Via WaPo: Powerful Shiite Bloc Boycotts Iraqi Government

A bloc of Iraqi lawmakers and cabinet ministers allied with militia leader Moqtada al-Sadr launched a boycott of their government duties Wednesday to protest Prime Minister Nouri al-Maliki’s decision to attend a summit in Jordan with President Bush.

“We announce the suspension of our participation in government and parliament,” said Nasar al-Rubaie, the leader of Sadr’s parliamentary bloc. “We gave a promise last Friday that we will suspend our participation if the Prime Minister met with Bush and today [Wednesday] we are doing it as a Sadrist bloc.”

I suppose it begs the question of whether there was any actual governing going on anyway, this raising the question of whether there is much in the way of practical manifestations of this move. Certainly the parliament seems to have been inert of late.
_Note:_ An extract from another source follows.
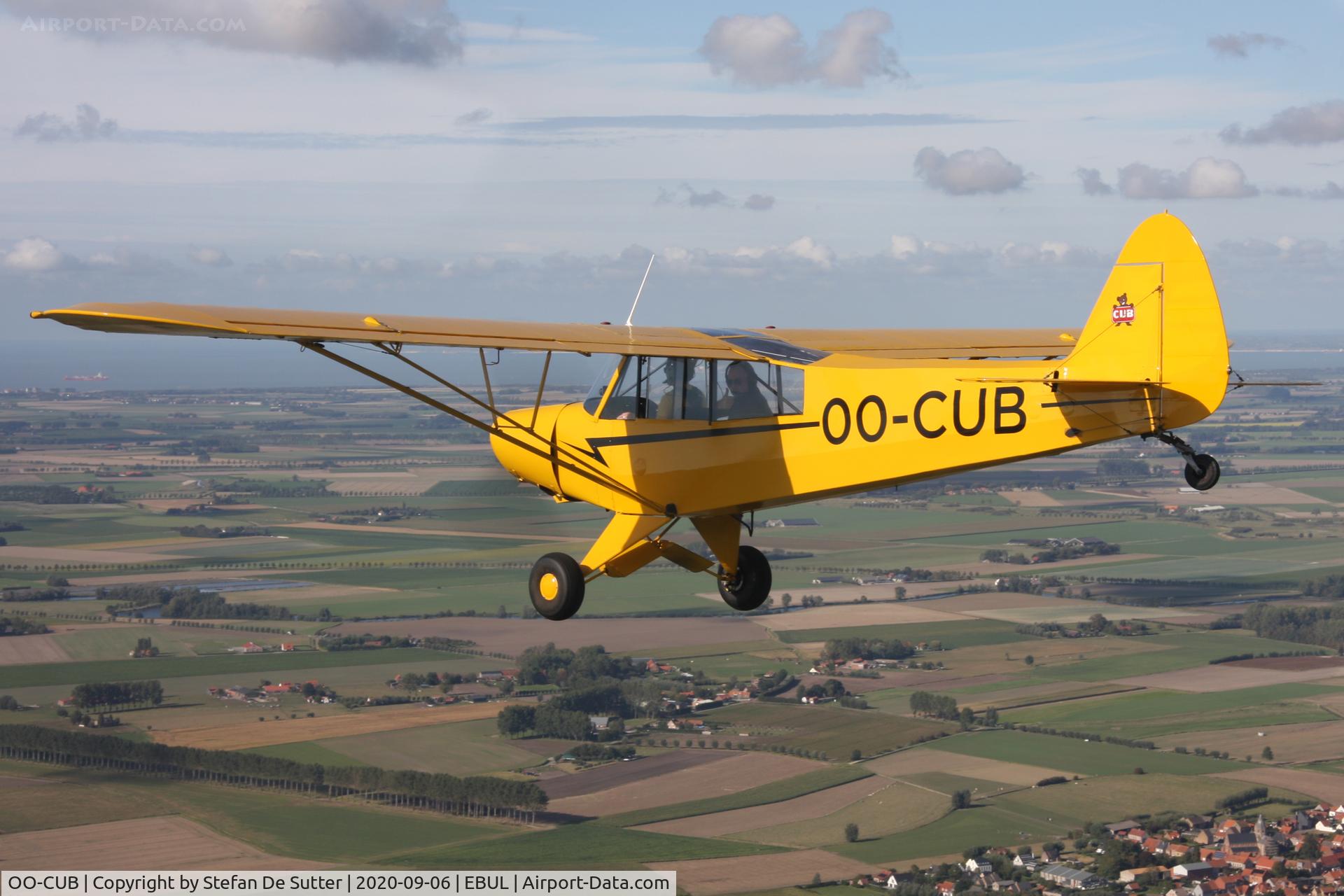 OO-CUB, 1954 Piper L-21B Super Cub (PA-18-135) C/N 18-3535, In formation with G-NETY.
It is more difficult to know the degree to which the ministries are actually functional.

It is noteworthy that the Sadr bloc has not actually withdrawn from the government:

But Rubaie cautioned that their action did not mean the officials were pulling out of the government, which would all but guarantee the collapse of Iraq’s unity government.

“The suspension does not mean our withdrawal from the political process,” said Rubaie. He added the Sadr bloc would meet in coming days to discuss how long members would remain out of the government.